Politicians in Washington continue to use the language of American exceptionalism, although their claims have less and less basis. Congressional leaders on both sides speak of “the leader of the free world,” even as Trump has encouraged political violence, carried out election interference in the state of Georgia, and attempted to extort Ukraine for political support. American contributions to global democracy, human rights, and the rule of law have now been overshadowed by Birtherism, Charlottesville, Helsinki, North Korea, the Ukrainian phone call, COVID-19, QAnon, voter fraud claims, and the Proud Boys. Now, to top it all, comes the Siege of the Capitol. For instance, observers in other democratic states – even some sympathetic to Biden’s good intentions – now wonder if the United States even has the standing to organize a Summit of Democracies. All the while, the Trump insurrection has already been used by authoritarians elsewhere to question the legitimacy of Biden’s election (Orban and Putin) and the soundness of electoral democracy (China).
Third, the new administration must convince the world that the United States can again act with real consistency. Rebuilding America’s role within a system of democratic alliances will take more than rhetoric. Foreign observers will want to see evidence that America’s population supports this role and they will push back against forces looking to tear up Biden’s global commitments. Trump made ill-considered u-turns on troop levels in Afghanistan, Iraq and Northern Syria, abandoned commitments to multilateral international order on trade and global health, and walked away from international agreements like the JCPOA, the Paris Climate Agreement, New START, the INF Treaty, and Open Skies. But the Bush Administration did something similar with the ABM Treaty, Kyoto, the Iraq War, and Guantanamo Bay. To regain trust, the United States must demonstrate that the American people will support durable commitments going beyond one election cycle or presidency.

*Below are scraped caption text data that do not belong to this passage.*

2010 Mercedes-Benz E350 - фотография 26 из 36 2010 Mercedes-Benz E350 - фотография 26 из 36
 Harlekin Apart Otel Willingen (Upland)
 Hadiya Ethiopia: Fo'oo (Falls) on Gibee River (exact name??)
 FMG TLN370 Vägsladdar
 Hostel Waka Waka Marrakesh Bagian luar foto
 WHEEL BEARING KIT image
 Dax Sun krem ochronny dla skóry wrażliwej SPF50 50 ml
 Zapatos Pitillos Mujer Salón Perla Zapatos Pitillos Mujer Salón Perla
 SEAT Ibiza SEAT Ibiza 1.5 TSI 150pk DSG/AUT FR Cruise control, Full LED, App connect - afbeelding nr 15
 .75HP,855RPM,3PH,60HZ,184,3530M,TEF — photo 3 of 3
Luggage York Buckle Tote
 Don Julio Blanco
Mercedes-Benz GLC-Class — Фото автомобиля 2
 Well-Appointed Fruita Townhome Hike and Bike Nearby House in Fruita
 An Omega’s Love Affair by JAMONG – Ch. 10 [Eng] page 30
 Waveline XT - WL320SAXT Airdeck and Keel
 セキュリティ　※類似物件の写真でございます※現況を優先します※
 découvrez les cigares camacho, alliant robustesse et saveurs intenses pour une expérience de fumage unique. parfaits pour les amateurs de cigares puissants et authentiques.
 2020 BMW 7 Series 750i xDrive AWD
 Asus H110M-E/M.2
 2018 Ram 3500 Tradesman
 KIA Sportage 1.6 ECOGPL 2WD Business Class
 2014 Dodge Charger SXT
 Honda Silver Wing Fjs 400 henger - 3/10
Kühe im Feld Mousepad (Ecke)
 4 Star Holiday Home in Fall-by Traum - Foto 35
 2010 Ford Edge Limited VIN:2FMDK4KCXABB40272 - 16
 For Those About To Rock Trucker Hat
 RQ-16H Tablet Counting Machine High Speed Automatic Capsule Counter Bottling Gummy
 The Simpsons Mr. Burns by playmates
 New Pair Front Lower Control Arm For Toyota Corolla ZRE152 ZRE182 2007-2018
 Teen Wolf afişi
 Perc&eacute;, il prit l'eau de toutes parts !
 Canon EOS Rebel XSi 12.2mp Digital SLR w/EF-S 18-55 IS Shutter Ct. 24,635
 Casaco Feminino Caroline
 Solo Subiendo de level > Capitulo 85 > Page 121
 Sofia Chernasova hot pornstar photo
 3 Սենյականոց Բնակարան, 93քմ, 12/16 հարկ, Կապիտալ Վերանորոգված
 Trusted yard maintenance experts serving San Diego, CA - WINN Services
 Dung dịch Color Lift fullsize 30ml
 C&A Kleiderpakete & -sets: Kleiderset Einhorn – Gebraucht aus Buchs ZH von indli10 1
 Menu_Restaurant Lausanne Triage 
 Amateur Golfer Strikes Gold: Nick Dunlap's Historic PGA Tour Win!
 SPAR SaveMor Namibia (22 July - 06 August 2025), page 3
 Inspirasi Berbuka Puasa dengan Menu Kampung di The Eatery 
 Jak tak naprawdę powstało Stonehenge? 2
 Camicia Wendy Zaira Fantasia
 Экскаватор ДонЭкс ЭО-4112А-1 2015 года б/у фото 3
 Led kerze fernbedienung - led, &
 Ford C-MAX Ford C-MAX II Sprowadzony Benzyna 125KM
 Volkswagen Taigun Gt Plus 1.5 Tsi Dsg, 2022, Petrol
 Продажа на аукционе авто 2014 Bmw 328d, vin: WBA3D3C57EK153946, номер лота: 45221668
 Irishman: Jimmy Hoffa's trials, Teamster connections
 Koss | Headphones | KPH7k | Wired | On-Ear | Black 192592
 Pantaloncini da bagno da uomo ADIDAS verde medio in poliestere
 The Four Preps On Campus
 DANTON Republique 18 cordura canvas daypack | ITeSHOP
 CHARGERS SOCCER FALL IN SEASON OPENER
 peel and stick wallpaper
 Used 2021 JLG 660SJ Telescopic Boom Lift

The US is not the only country which must heal its damaged democracy
Finally, the Trump era has underlined both the fragility and resilience of American democracy. It has weakened the US global role, but also shown the possibility of new partnerships. The Trump era coincided with difficult geopolitical challenges: emerging and disruptive technologies, pandemic management, climate change, even industrial policy. But these pressing problems have prompted the rise of new American diplomatic actors, including cities, states and foundations, even corporate diplomacy. The past four years have demonstrated that in the absence of leadership from Washington, new actors can fill some of the US foreign policy vacuum from the #MeToo Movement, the Gates Foundation efforts to tackle the pandemic, California’s Data Protection push, the US city-state coalition to meet carbon emission reduction targets and Microsoft’s work on the Paris Call for Stability and Security in Cyber Space. These are new nodes for Europe and Asia.
The US is not the only country which must heal its damaged democracy. Germany, for example, has seen murderous attacks at Halle and Hanau and the rise of the Querdenker movement. Across the continent, burgeoning right-wing movements are enjoying success. But the US is unique. The urgent need for US political healing reflects the country’s crucial role as a strong, coherent international force. As Jake Sullivan, Biden’s incoming National Security Adviser, has repeatedly emphasized: the US “cannot succeed in our foreign policy if we have not invested in our sources of strength at home” including the cohesion of American democracy. The future of US global leadership depends on the success of that effort.